TASK TO CARRY OUT — Output each entry verbatim and exclude every picture from it.

[Dataset excerpts]
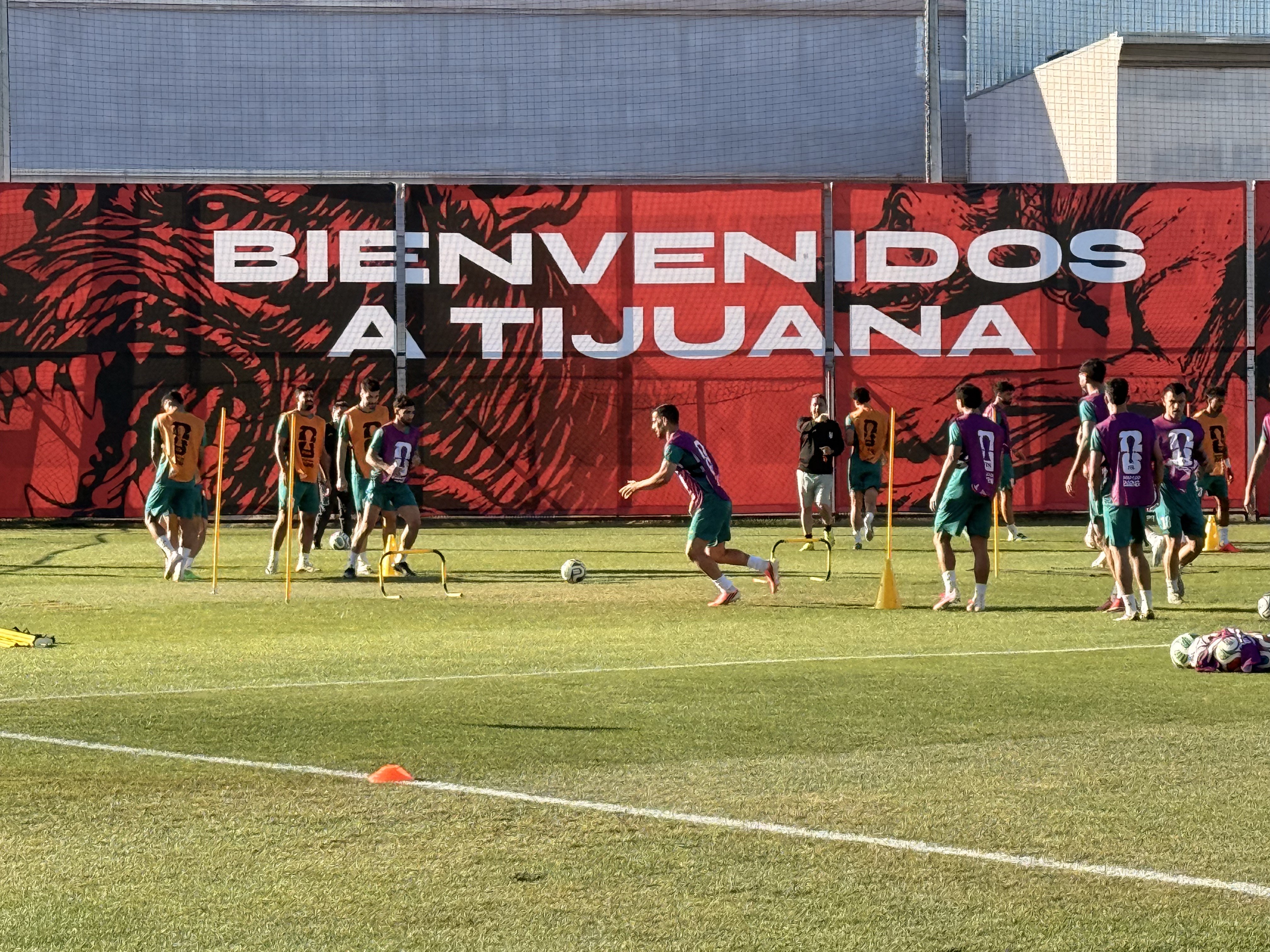 Jogadores de futebol em campo de grama verde, treinando sob um banner vermelho com a frase BIENVENIDOS A TIJUANA em branco. Um jogador de camisa roxa e calção verde corre atrás da bola, enquanto outros observam ou se preparam para o exercício. Há cones e pequenos arcos amarelos espalhados pelo campo. Ao fundo, edifícios modernos sob um céu claro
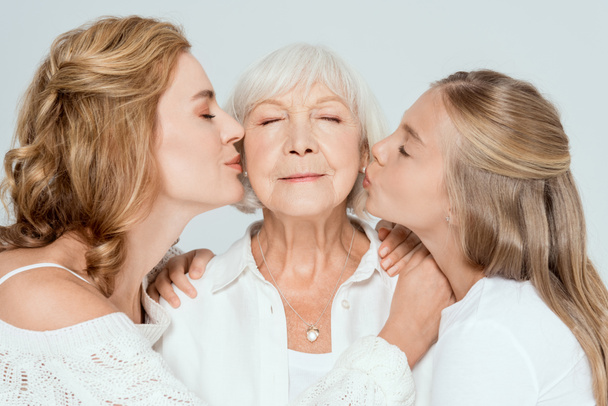 granddaughter and mother kissing grandmother with closed eyes isolated on grey  - Photo, Image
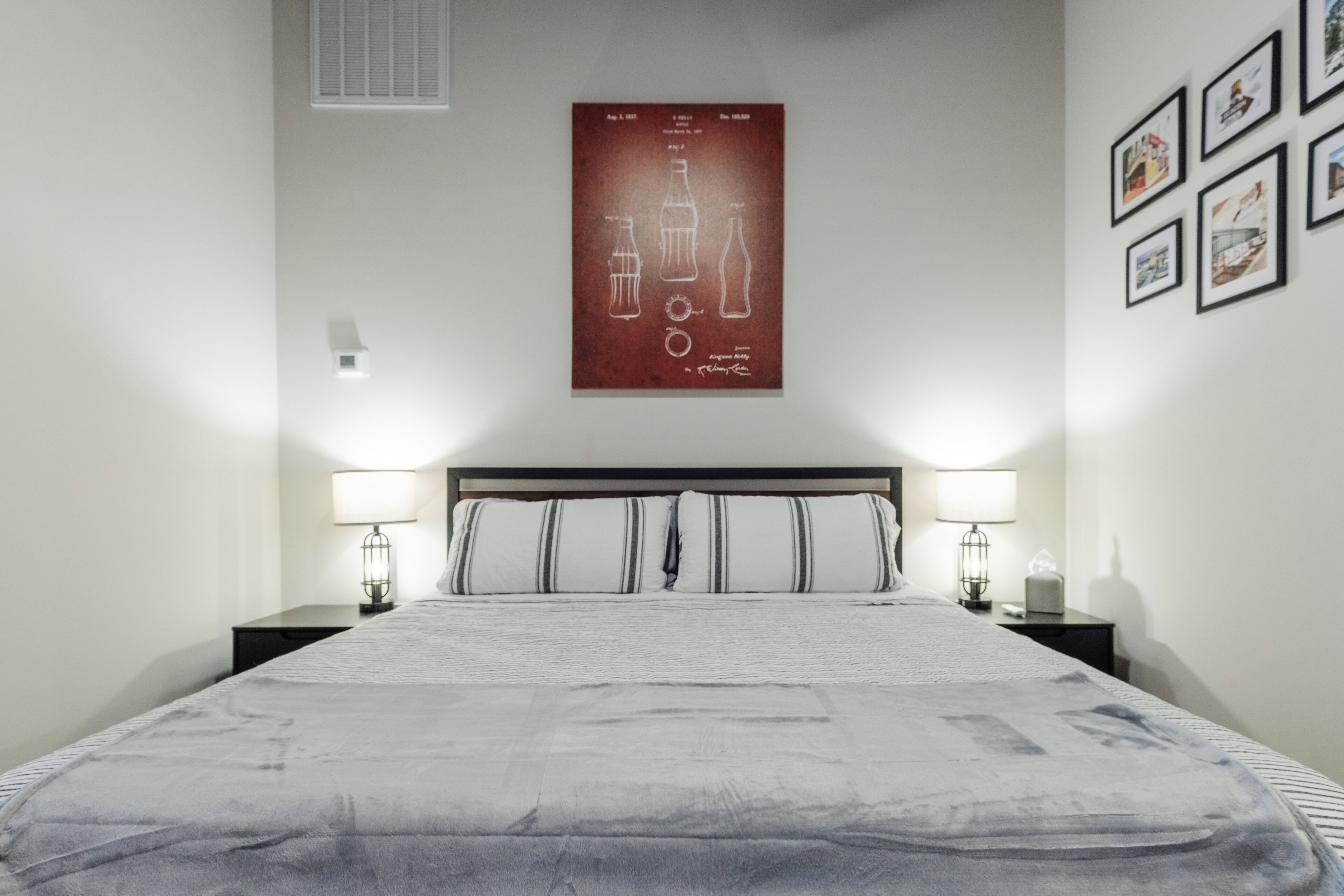 A neatly arranged bedroom with a large bed, two bedside tables with lamps, and a poster on the wall.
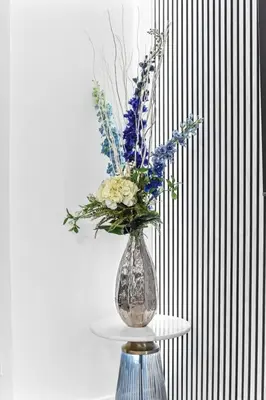 a vase filled with flowers sitting on a table at Luxury 1 Bed near Hyde Park and Marble Arch in Moffat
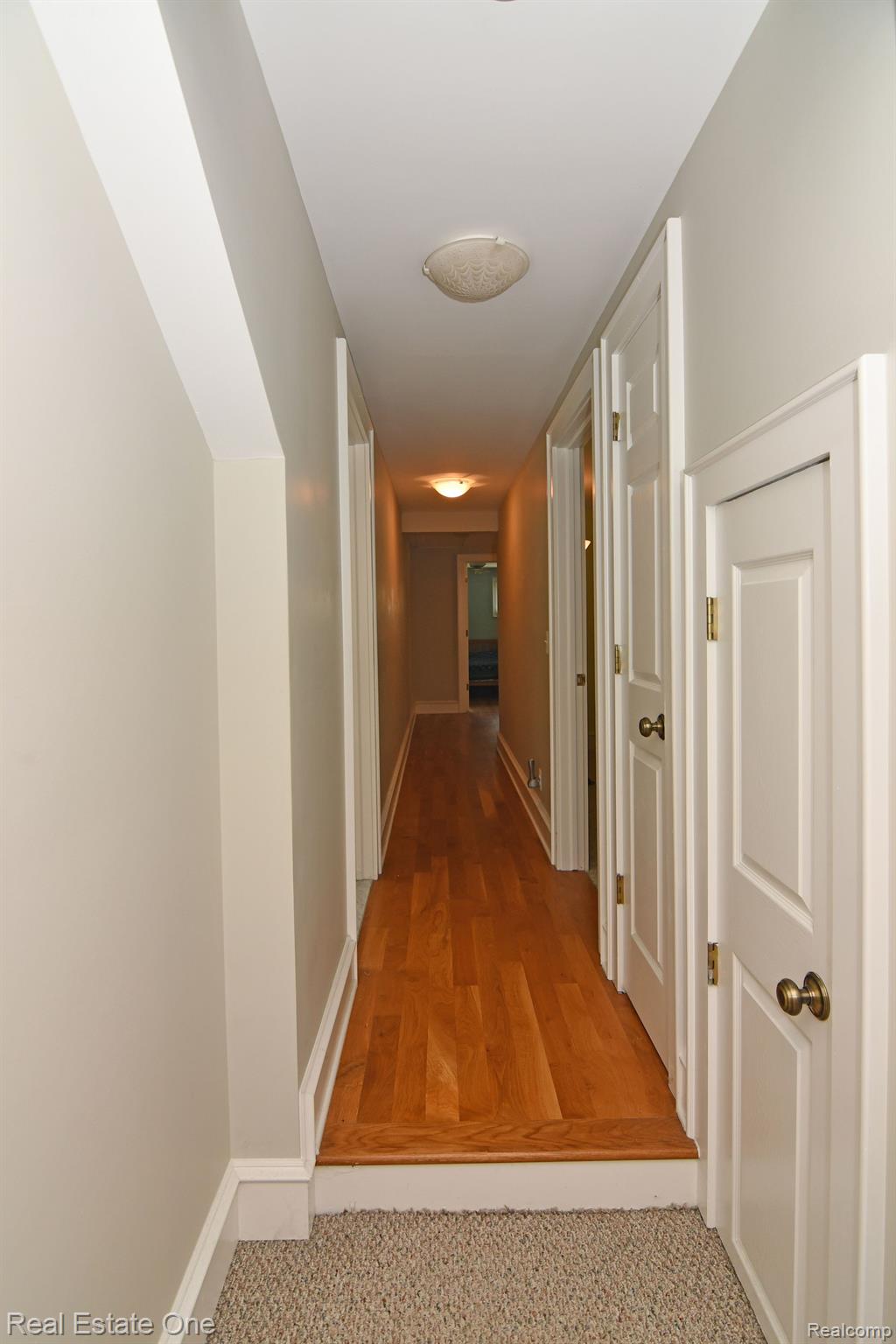 69 South Holcomb Road Clarkston, MI 48346 - Photo 56 of 68 Wood Flooring in Hallway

RESULT OF THIS TASK —
 Jogadores de futebol em campo de grama verde, treinando sob um banner vermelho com a frase BIENVENIDOS A TIJUANA em branco. Um jogador de camisa roxa e calção verde corre atrás da bola, enquanto outros observam ou se preparam para o exercício. Há cones e pequenos arcos amarelos espalhados pelo campo. Ao fundo, edifícios modernos sob um céu claro
 granddaughter and mother kissing grandmother with closed eyes isolated on grey  - Photo, Image
 A neatly arranged bedroom with a large bed, two bedside tables with lamps, and a poster on the wall.
 a vase filled with flowers sitting on a table at Luxury 1 Bed near Hyde Park and Marble Arch in Moffat
 69 South Holcomb Road Clarkston, MI 48346 - Photo 56 of 68 Wood Flooring in Hallway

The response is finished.